Butch Baby   / Clayre Benzadon


Wear your carabiner
on your sleeve, err,
pant buckle. Wear 
me like rain.
I don't want to cling
onto you, but your
hard-drawn shoulders
makes it hard for me
to resist. Resistance
is your favorite game.
We play tug o' war
and you win every time,
pulling the rope until
I trip over from friction
and force.

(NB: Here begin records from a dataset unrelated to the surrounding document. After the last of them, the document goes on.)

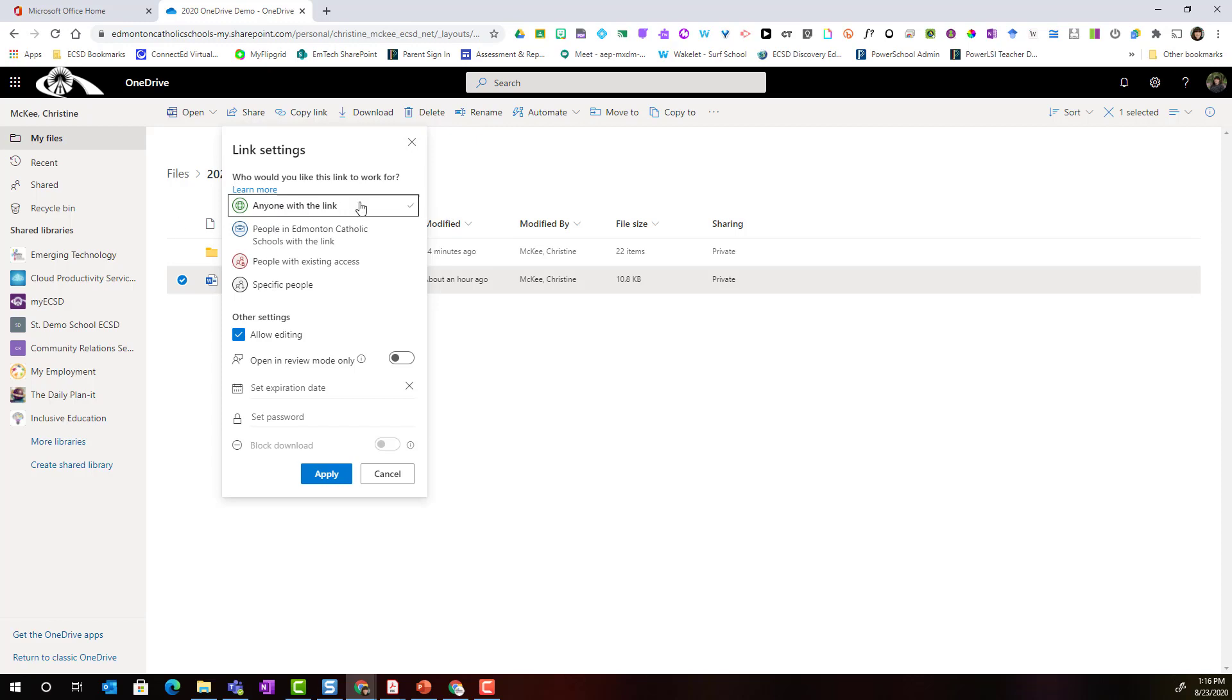Notice that when I select anyone with the link I have additional options. I can set an expiration date for the link. Maybe I only want people to have access to edit this document for a month. I could set an expiration date.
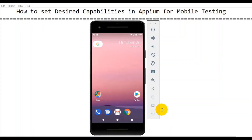Hey, hi guys, this is Baka Pachin Chulikar. In this tutorial I will talk about how to set desired capabilities in Appium for mobile testing. Before moving on to this tutorial, I will briefly give you an idea about what are the different tutorials we have covered till now for mobile testing.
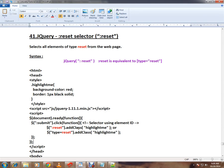Hi friends, this video is from InterviewDot.com, a job portal. In this video, I'm going to talk about the reset selector in jQuery. What is the reset selector?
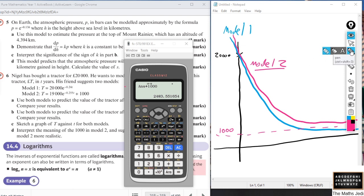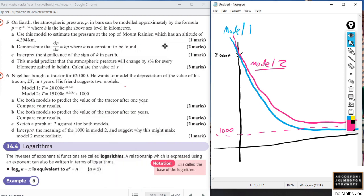Part d asks us to interpret the meaning of the 1,000 in model 2 and suggest why it might make the model more realistic. Model 1 gets exponentially small over time — after a very long period the tractor is virtually worthless. But with model 2, the tractor will always have a base value of £1,000. You can imagine a tractor retaining some scrap value, so modelling it as having a minimum of £1,000 is probably more realistic in terms of the actual practicalities of depreciation.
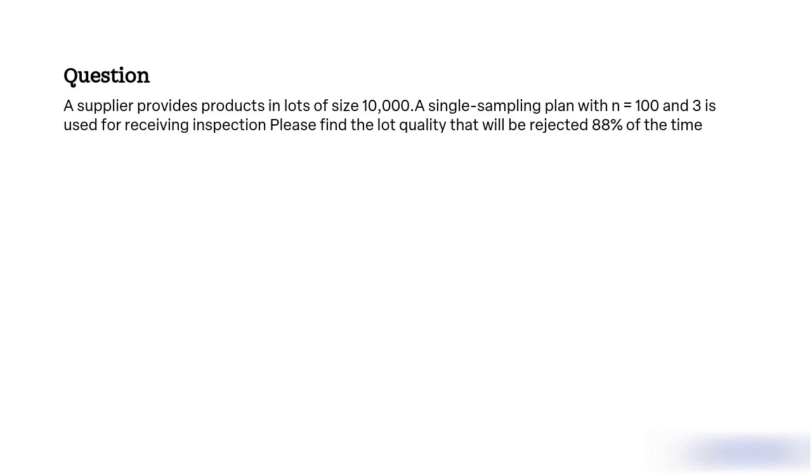What is the lot quality that will result in a rejection rate of 88% using a single sampling plan with N equals 103 with the objective of determining the quality of products provided by a supplier in lots of size 10,000?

You tell me
you feel like a coconut,
 soft on the inside.
Butch baby, I call out
to you:
I don't
buy it.

One Thousand Eight Hundred & Fifty-Two   / RJ Ingram

This game is not for me but alas here I am playing it / This newspaper is not for me but alas here I am skimming it / This website this browser this laptop: again not for me / This room is not for me so I will walk out of it / This building is not for me so I might burn it / This parking lot is not for me so I will get in my car & drive & drive as far away as I can go / This car is not for me so I will abandon it on the freeway / This overpass is not for me so I will wander into the bushes & hope never to return / This field is not for me so I will close my eyes until I’ve left it / These eyes are not for me so I will open them & plant them in the field / This body is not for me so I will drop it next to my eyes / The spirits I pass as I float upwards are not for me so I speed on to the next half baked satellite / This planet I guess must not be for me either / Pshaw.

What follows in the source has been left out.